Yetkililer, Amhara bölgesindeki binlerce gazeteci ve eylemci ile birlikte, Tigray savaşındaki mücadelesinde kilit bir müttefik olan Fano milislerinin üyelerini tutukladı. Savaşın başlarında, Amhara kuvvetleri, hem Amharalar hem de Tigrayanlar’ın kendilerine ait olduğunu iddia ettikleri batı Tigray’ın bazı kısımlarını ele geçirdi.
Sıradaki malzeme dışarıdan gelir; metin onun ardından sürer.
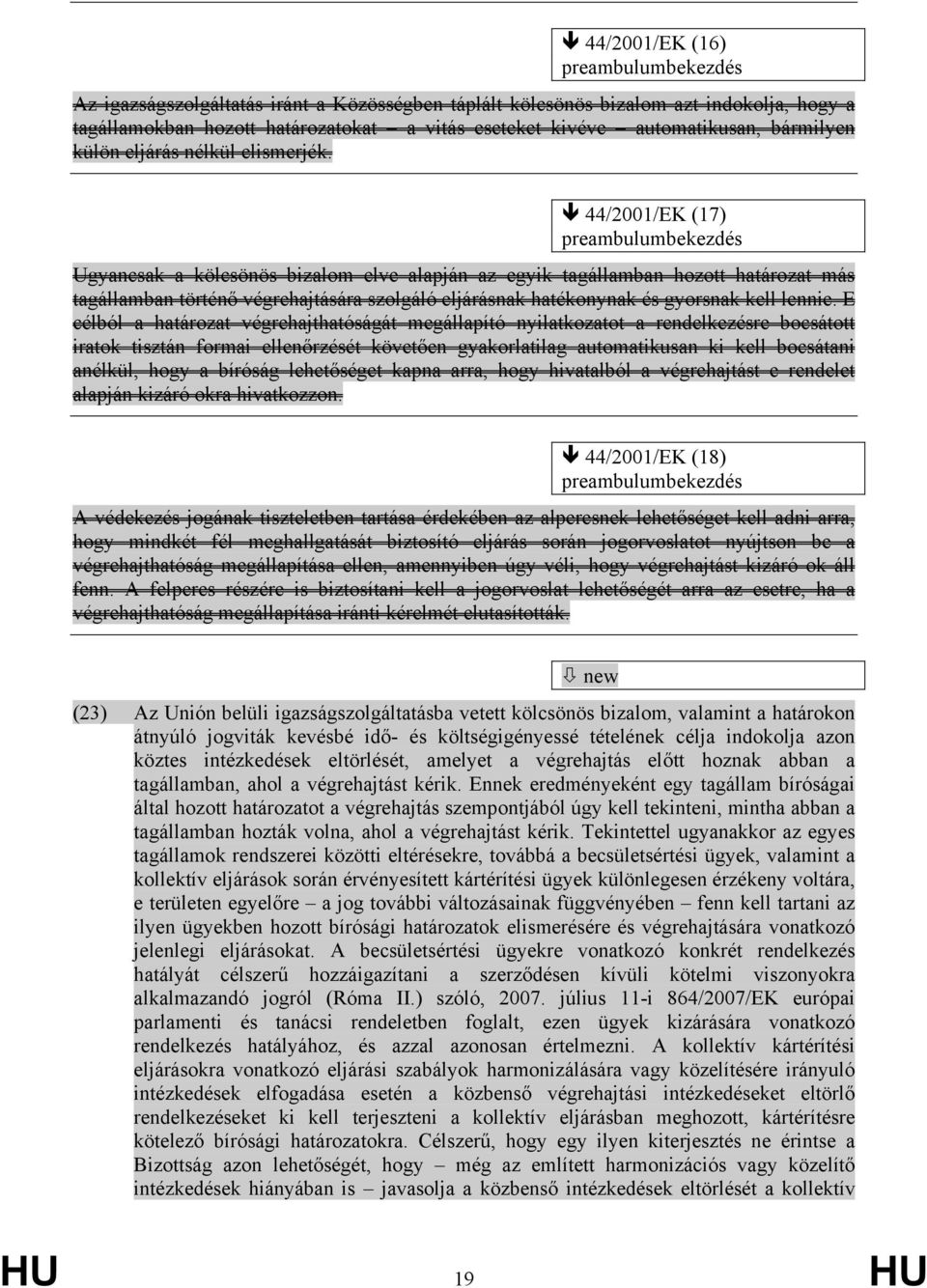 44/2001/EK (17) preambulumbekezdés Ugyancsak a kölcsönös bizalom elve alapján az egyik tagállamban hozott határozat más tagállamban történő végrehajtására szolgáló eljárásnak hatékonynak és gyorsnak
Sudan sınırındaki verimli bölge, Abiy’in Tigray ile müzakereleri sırasında bir baskı noktası haline gelebilir.
Etiyopya’da belirsizlik durumu genişlerken, insan hakları savunucuları daha önceki ihlallerin sorumluluğunun olmamasının birçok toplumu korku içinde bıraktığını söylüyor.
İnsan Hakları İzleme Örgütü Afrika Boynuzu direktörü Laetitia Bader, bu durumun özellikle “Batı Oromia’daki güvenlik güçleri ve silahlı gruplar tarafından geniş çapta suistimallere maruz kalan Oromo ve Amhara azınlık toplulukları için geçerli” olduğunu söyledi.
Tole köyü sakini Fikadu, saldırıda ölenler için çok geç olduğunu, ancak yetkililerin hala hayatta olanları korumak için çalışacağını umduğunu söyledi.
Bu ülkede çok insan öldü ama adalet yerini bulmadı” dedi.
The New York Times’ın bir çalışanı Etiyopya, Addis Ababa’dan gelen haberlere katkıda bulundu.